Original article posted by thewendy:

i need to write something. spill some thoughts about some stuff. just because i don’t have anywhere else to do this but here- because i want the feeling of someone hearing my thoughts- even if no one comments. even if no one reads them.

i am happy in my writing. tired, exahsted. broken. rebuilt. broken. rebuilt again and again moment after moment of this program that is not just academic. it is political, spiritual, and very personal.

this is where my writing will take off. will turn differently. will do something different with my insides. even though i am not living here- the online prgram from what i hear is just as intense.

i am filled with hope. that i can do something with my writing- besides just write.

and i am scared that when i leave here that feeling will be gone.

it is strange- the timing of things. my decisions.

i am a teacher. i can not change that. so online program.

joseph cooper from new york- residency student. will be here in boulder. and some of you will be saying- my hell, isn’t there always some guy? yes, usually- i fall in love easily- i love the energy of people. but this guy. this one is different.
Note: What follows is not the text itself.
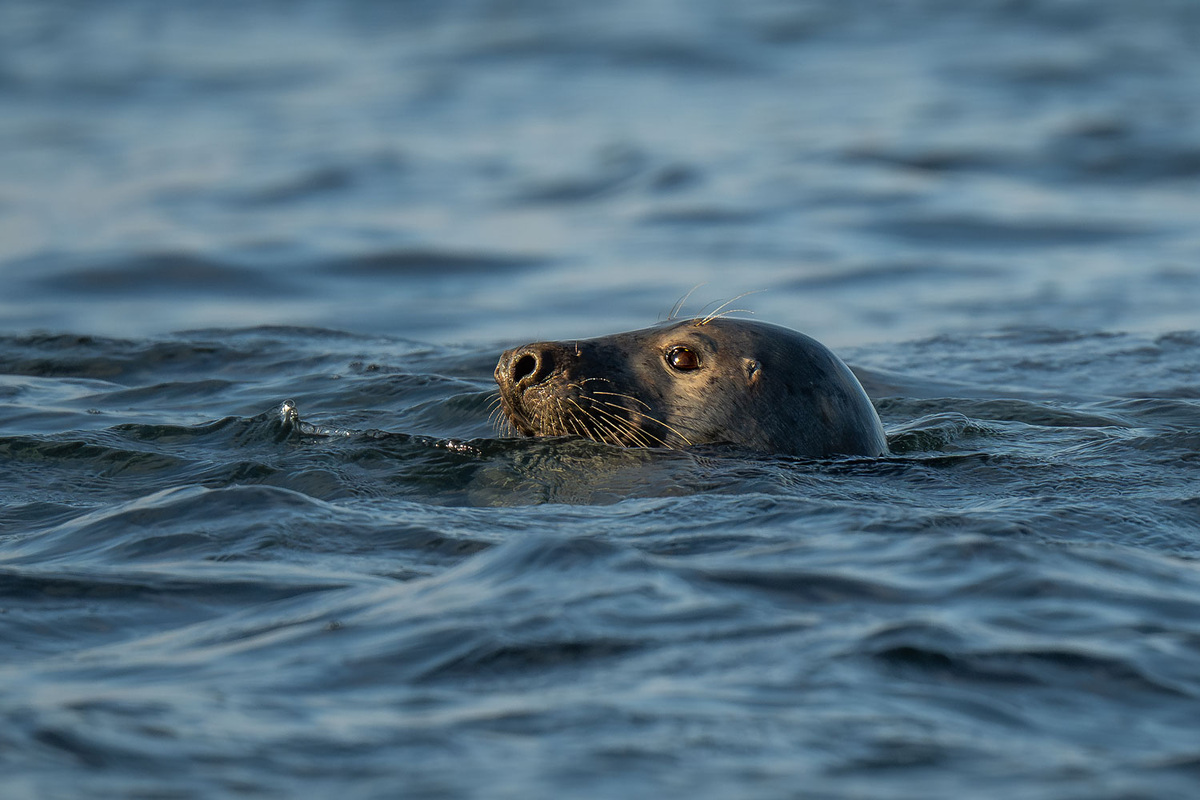 Осторожный взгляд.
and the universe sucks because both of us are in places where we were not planning on meeting someone. we only came here to work on writing and then we meet each other and neither of us can do anything about the fact that i live in utah. that he may not stay in colorado the full two years. that we are both uneasy and unsure about commitment. that we are both in love and that there is a strong chance that the universe may not swing in our favor.

i am happy.
i am writing.
i am learning.
i am loving each moment, and living in each moment.
but tonight
i want something to be different.
i want the universe to make more sense. i want it to be easier. i want to be able to love this man. to be with this man. the whole marry and have 1 kid type thing.
yeah. scary.
me saying marry and kid in the same sentence dealing with me.

i knew it was a sign when i lost my pentacle on the way here.
i always lose neclaces, rings, etc at the start of change

when i leave here
i will be broken and rebuilt in more ways than one
all of them for the better
and i am excited-but sad.
i have no doubt that my bitter-sweet outlook on life will get even bigger.